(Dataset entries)

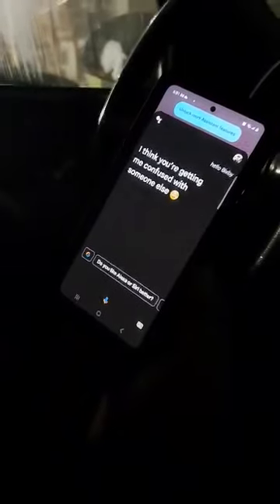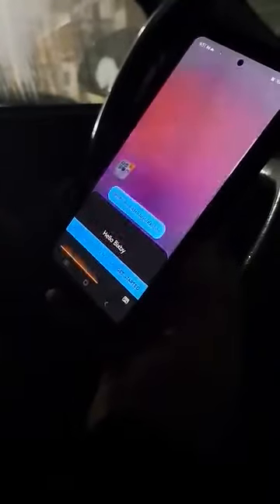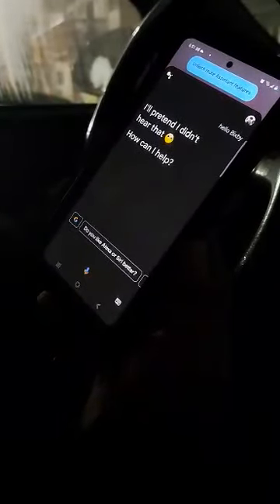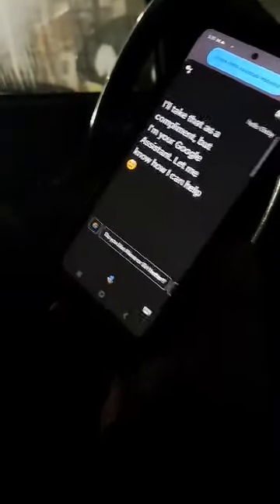So let's try to call Bixby, which comes with the device. Hello Bixby! — I think you're getting me confused with someone else. Hello Bixby! — I'll pretend I didn't hear that, how can I help? Hello Bixby! — I'll take that as a compliment, but I'm your Google Assistant. Let me know how I can help.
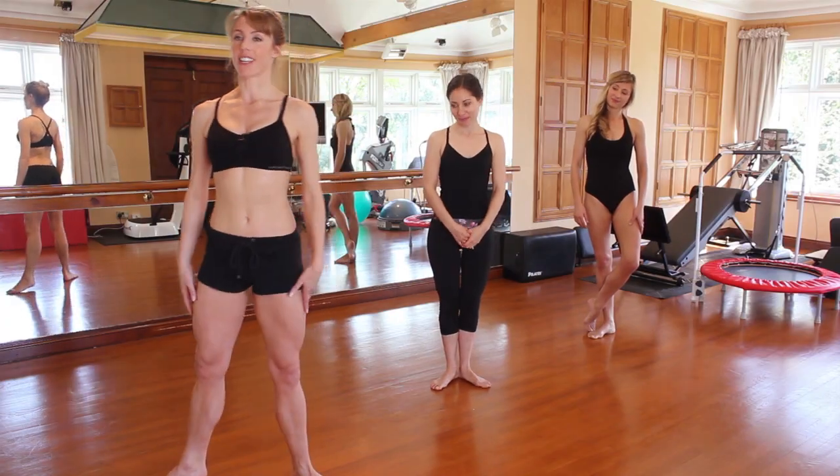Hi, in this little taster workout — your classical cardio intro — we're working on our key classical positions: first, second, and fourth. But moving through them at pace, we get our heart rate up and our muscles nice and warm.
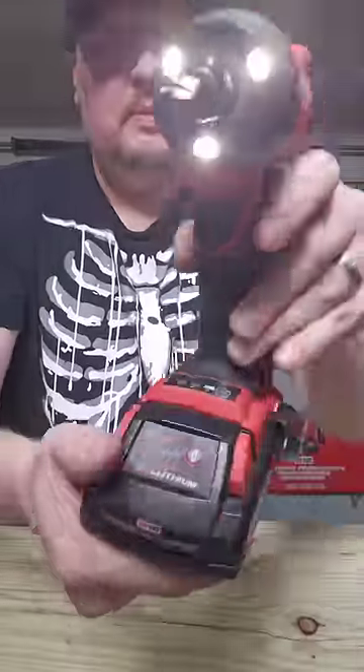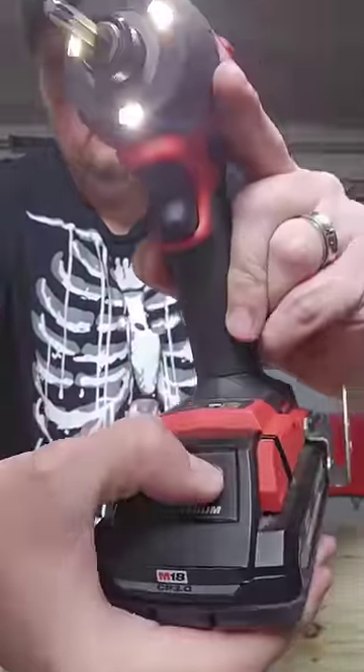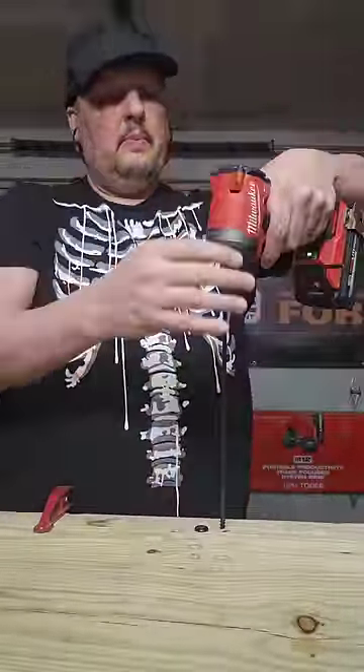Not bad at all. Now the Milwaukee on speed 3 with a not fully charged 3 amp hour battery.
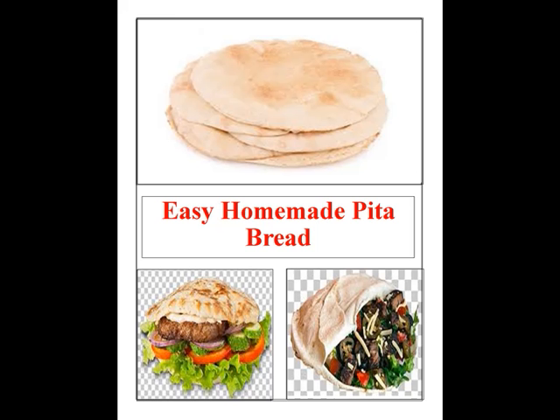Is it worth the effort to make pita at home? Absolutely. Pita bread, like store-bought sandwich bread, is frequently several days old. Warm, fragrant home-baked pita is clearly superior, and the breads puff up in the oven, which is a bit of a thrill. It's not tough once you get the hang of it.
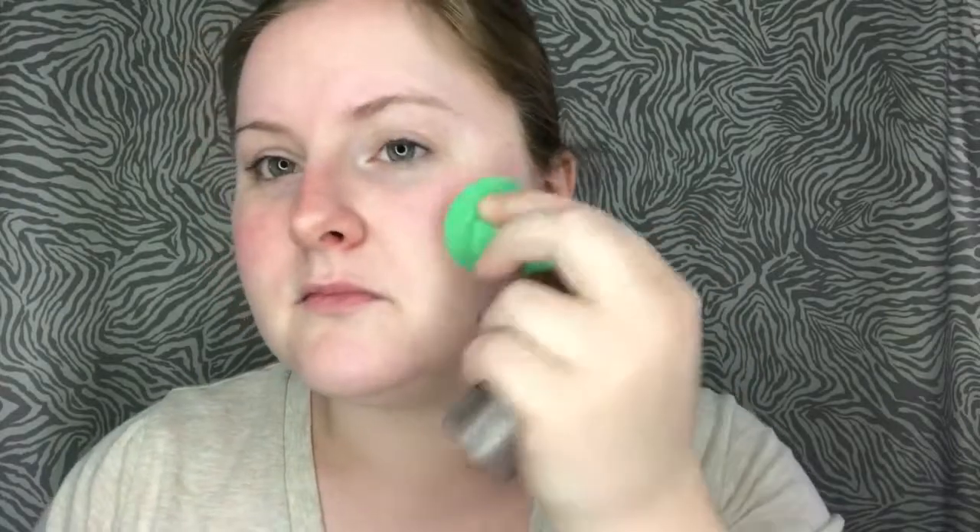This foundation doesn't smell too bad. Oh, it's cold! I feel like it's not really getting coverage, but I'm going to be brave and just go for it.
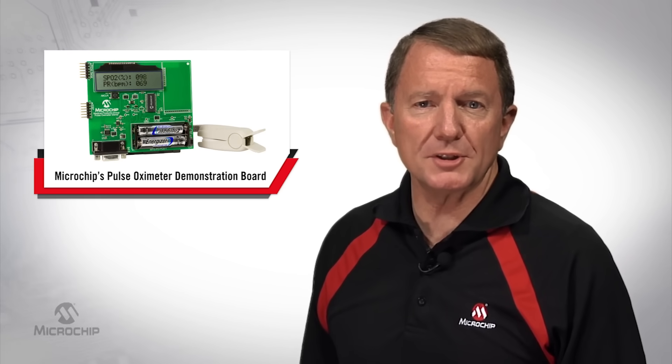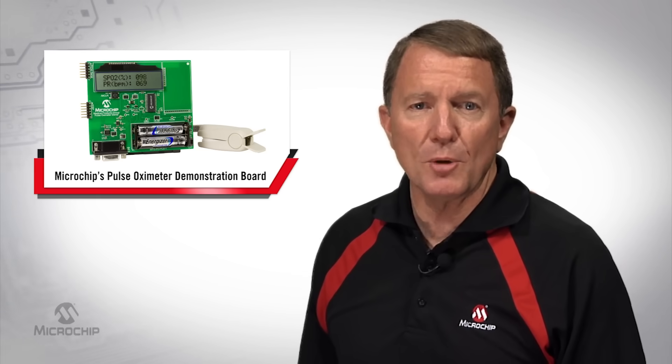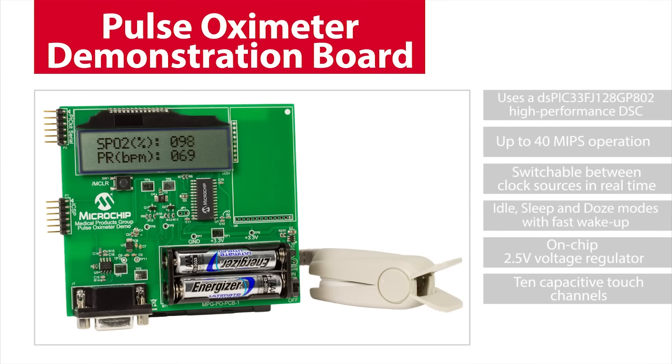This reference demo board helps designers develop a low-cost, handheld, or wearable pulse oximeter with user interface, which is capable of measuring both heart rate and blood oxygen level. Microchip's Pulse Oximeter Demo Board can be used to start development of a low-cost, low-power hospital or clinical pulse oximeter design, but it can also be used as a starting point for a wearable activity tracker design that can measure heart rate and blood oxygen level.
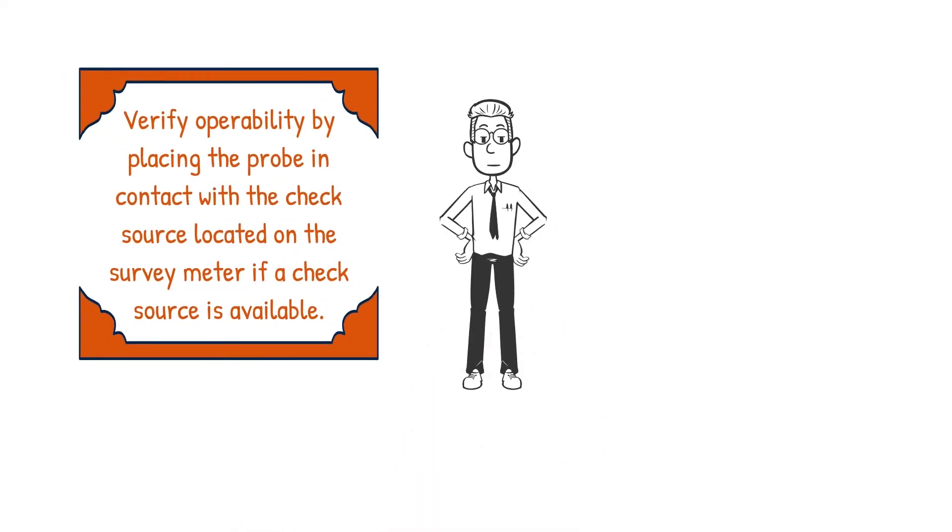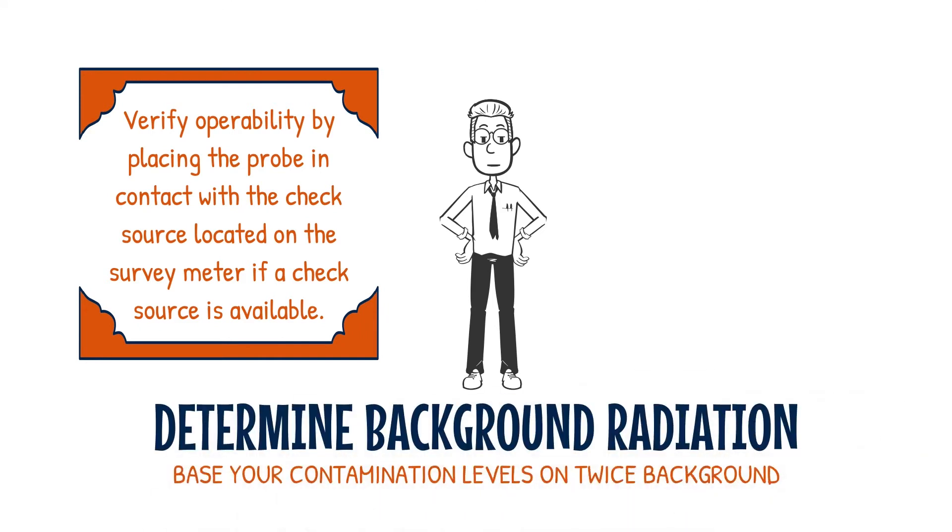Verify operability by placing the probe in contact with the check source located on the survey meter, if a check source is available.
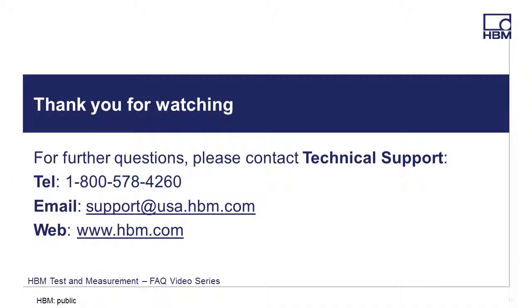That completes an overview of the Digital I/O 44-pin connector. For an overview of the 9-pin connector, be sure to view the Digital I/O 9-pin connector video. Thanks for watching — if you have any questions, please feel free to call, email, or visit our website for the latest product solutions and downloads at www.hbm.com.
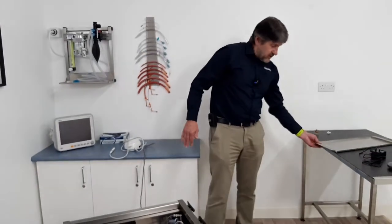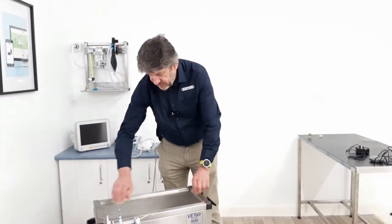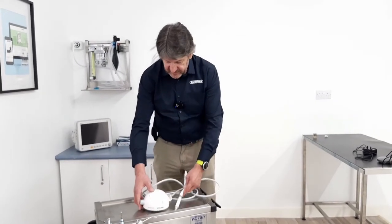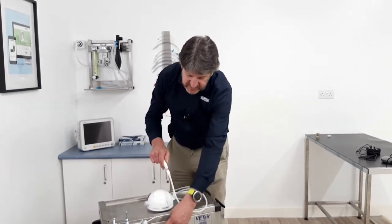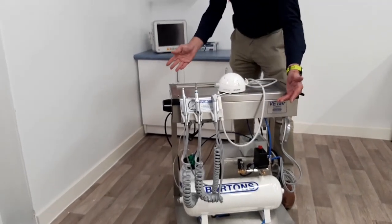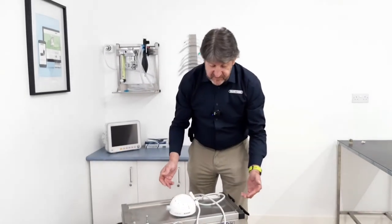We can then reinstall the lid and sit the scaler on top. On the side of the machine you will see there is a convenient place to put the scaler handle; however, if you prefer, there is also one on the body of the machine itself.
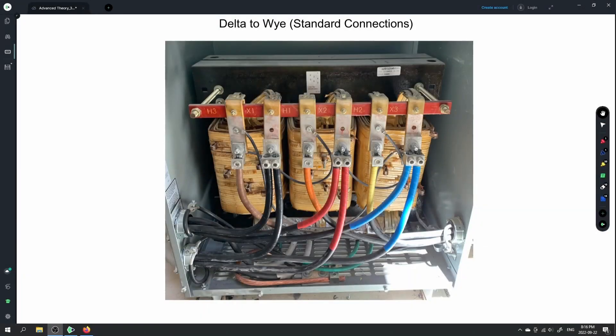At this point there's usually questions because what we're doing in the shop isn't exactly what we do out in the field. In the shop, we're taking three single-phase transformers and creating a three-phase bank out of those three single-phase transformers.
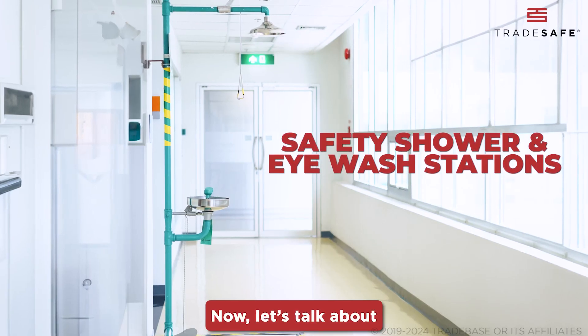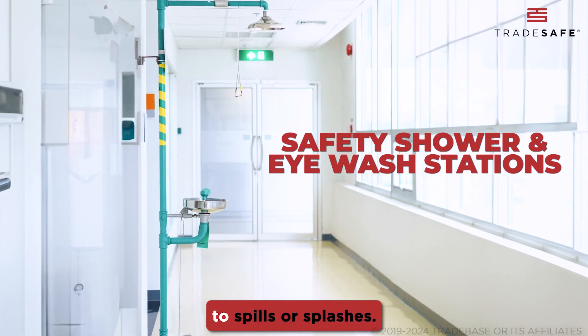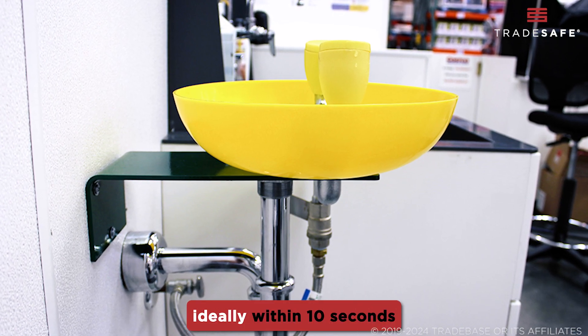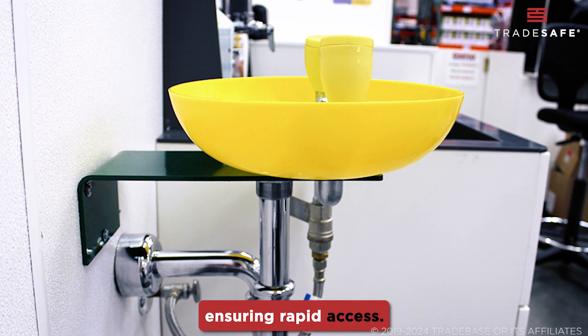Let's talk about safety shower and eyewash stations — essential for immediate response to spills or splashes. These stations should be no more than a few seconds away, ideally within 10 seconds of any hazard area, ensuring rapid access.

§ WHAT YOU SHOULD DO
Retype all of the data above word for word, excluding the pictures.

§ SOLUTION TO THIS TASK
So let's try to call Bixby, which comes with the device. Hello Bixby! — I think you're getting me confused with someone else. Hello Bixby! — I'll pretend I didn't hear that, how can I help? Hello Bixby! — I'll take that as a compliment, but I'm your Google Assistant. Let me know how I can help.
Hi, in this little taster workout — your classical cardio intro — we're working on our key classical positions: first, second, and fourth. But moving through them at pace, we get our heart rate up and our muscles nice and warm.
Not bad at all. Now the Milwaukee on speed 3 with a not fully charged 3 amp hour battery.
Is it worth the effort to make pita at home? Absolutely. Pita bread, like store-bought sandwich bread, is frequently several days old. Warm, fragrant home-baked pita is clearly superior, and the breads puff up in the oven, which is a bit of a thrill. It's not tough once you get the hang of it.
This foundation doesn't smell too bad. Oh, it's cold! I feel like it's not really getting coverage, but I'm going to be brave and just go for it.
This reference demo board helps designers develop a low-cost, handheld, or wearable pulse oximeter with user interface, which is capable of measuring both heart rate and blood oxygen level. Microchip's Pulse Oximeter Demo Board can be used to start development of a low-cost, low-power hospital or clinical pulse oximeter design, but it can also be used as a starting point for a wearable activity tracker design that can measure heart rate and blood oxygen level.
Verify operability by placing the probe in contact with the check source located on the survey meter, if a check source is available.
That completes an overview of the Digital I/O 44-pin connector. For an overview of the 9-pin connector, be sure to view the Digital I/O 9-pin connector video. Thanks for watching — if you have any questions, please feel free to call, email, or visit our website for the latest product solutions and downloads at www.hbm.com.
We can then reinstall the lid and sit the scaler on top. On the side of the machine you will see there is a convenient place to put the scaler handle; however, if you prefer, there is also one on the body of the machine itself.
At this point there's usually questions because what we're doing in the shop isn't exactly what we do out in the field. In the shop, we're taking three single-phase transformers and creating a three-phase bank out of those three single-phase transformers.
Let's talk about safety shower and eyewash stations — essential for immediate response to spills or splashes. These stations should be no more than a few seconds away, ideally within 10 seconds of any hazard area, ensuring rapid access.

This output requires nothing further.